The total number of statements originally evaluated may have exceeded several thousand.  The point, though, is that the researchers did not need a theory to guide them.  They collected several thousand statements, administered them to a population of mental patients, and recorded the patterns of responses characteristic of various pathologies.  If a new patient exhibits a response pattern characteristic of Schizophrenics, then the appropriate diagnosis is made.  

The construction of the test was not guided by theory, but by practical results.  Only statements that statistically demonstrated a relationship with a pathology were retained for the final version of the test.  Thus, an empirically constructed test also has a validity by definition, predictive validity.  That is, the MMPI was constructed to predict patient pathologies.  The statements were chosen to relate to pathologies, and only statements that related to pathologies were retained and statements that had no bearing on patient pathologies were discarded.  Significantly, the MMPI demonstrates predictive validity even in patient populations different from the one it was developed on.

Assessment Centers Again

These two approaches reasonably well describe the construction processes associated with professionally developed measuring instruments.  You see, of course, that the two approaches are not mutually exclusive.  A hybrid approach could select test items using a conceptual approach, and subject these to empirical validation.  And likewise, one might try to find the unifying concepts or theory behind an empirically developed instrument such as the MMPI and begin to investigate the patterns of patient responses to find theories that explain these patterns.  But I see no correspondence between the Assessment Center approach and either traditional measurement approach.

Consider how we would construct an Assessment Center using the conceptual approach.  We would identify the set of cohesive traits necessary for successful performance.  We might include verbal ability, organizing ability, situational awareness, leadership, among others.  We would develop many hundreds of tasks or test items that tap these dimensions.  Then, we would administer these to a sample of subjects and look to see which tasks or test items best relate to the total score.  The subset of "best" tasks would be those that we define as "leadership," or "managerial ability," or whatever it is that Assessment Centers purport to measure.

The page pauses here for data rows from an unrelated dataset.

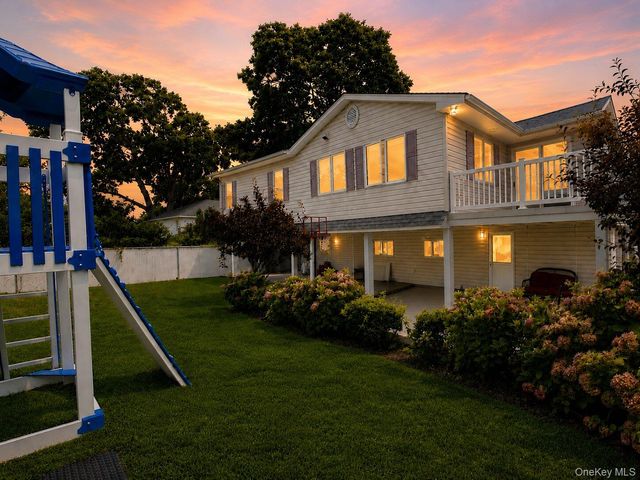 586 Harless Place, West Hempstead, NY 11552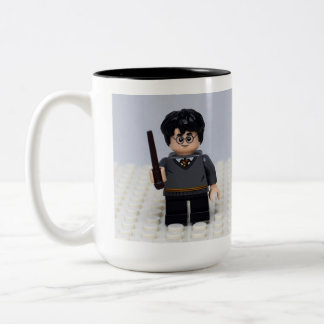 Cute Wizard Toy Figure Mug – Magic-Themed Coffee  Tweekleurige Koffiemok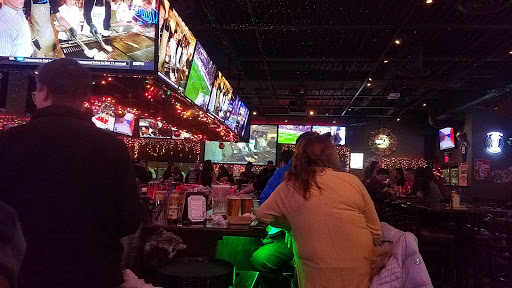 Sports Bar «Chasers Sports Bar & Grill - Pizza - Catering - Delivery - Slots», reviews and photos, 830 S Rand Rd, Lake Zurich, IL 60047, USA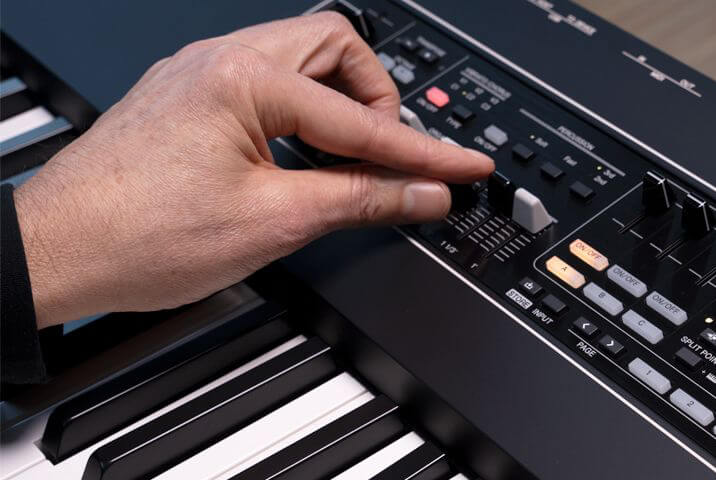 Yamaha CK series physical drawbars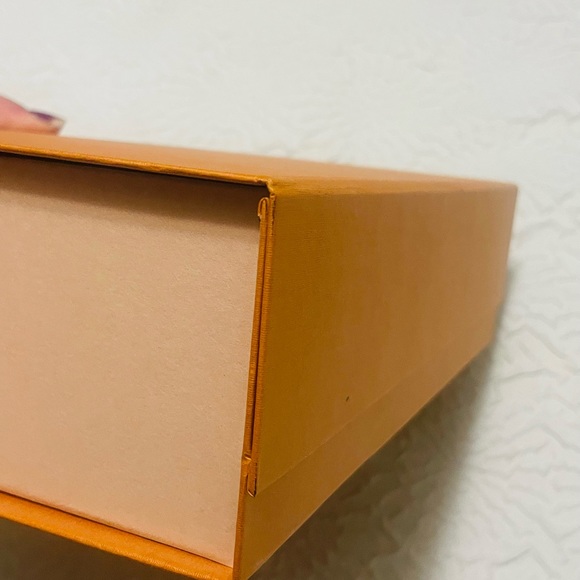 ✨Medium sized Louis Vuitton Gift Box with ribbon -Excellent Condition! - Picture 2 of 8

To construct an Assessment Center using the empirical approach, we would identify criterion groups of successful and unsuccessful managers or leaders.  To these we would administer a series of test items or tasks regardless of their theoretical importance, and we would maintain those test items or tasks that differentiate between the successful and unsuccessful mangers, discarding the remainder.  

Both methods require the development of numerous tasks, and the evaluation of the tasks and measurements to determine their utility.  In the Assessment Center literature, I find no references to such "item development."  Instead, we are asked to accept on faith that the procedures yield valid results.  Well, to me it appears an arrogant conceit to claim that performance on arbitrarily chosen tasks in contrived settings predict future performance.  Recall that one of the candidates in the OSS assessment centers flunked their stress interview, but had actually passed an interrogation by the Gestapo!  The eminent psychologists working for the OSS were proud that they had identified a potential failure as a field agent.  I remain amazed that they screened out the one candidate who experienced success in the field!  Having one exemplary candidate fail makes me question the validity of the assessment technology.  Instead, the failure to accurately predict (even past) behavior was considered as a positive outcome.

Put yourself in the position of "Wild Bill"  Donovan hiring a spy.  Given both assessment center information plus background information, who would you predict to pass a Gestapo interrogation?  Would you place your bets on the guy who passed an Assessment Center stress interview or the guy who passed an actual interrogation by the Gestapo?  As I like to say, the best predictor of future performance is past performance.  I would unhesitatingly choose the candidate who had actually misled the Gestapo and hidden his true identity during a real interrogation.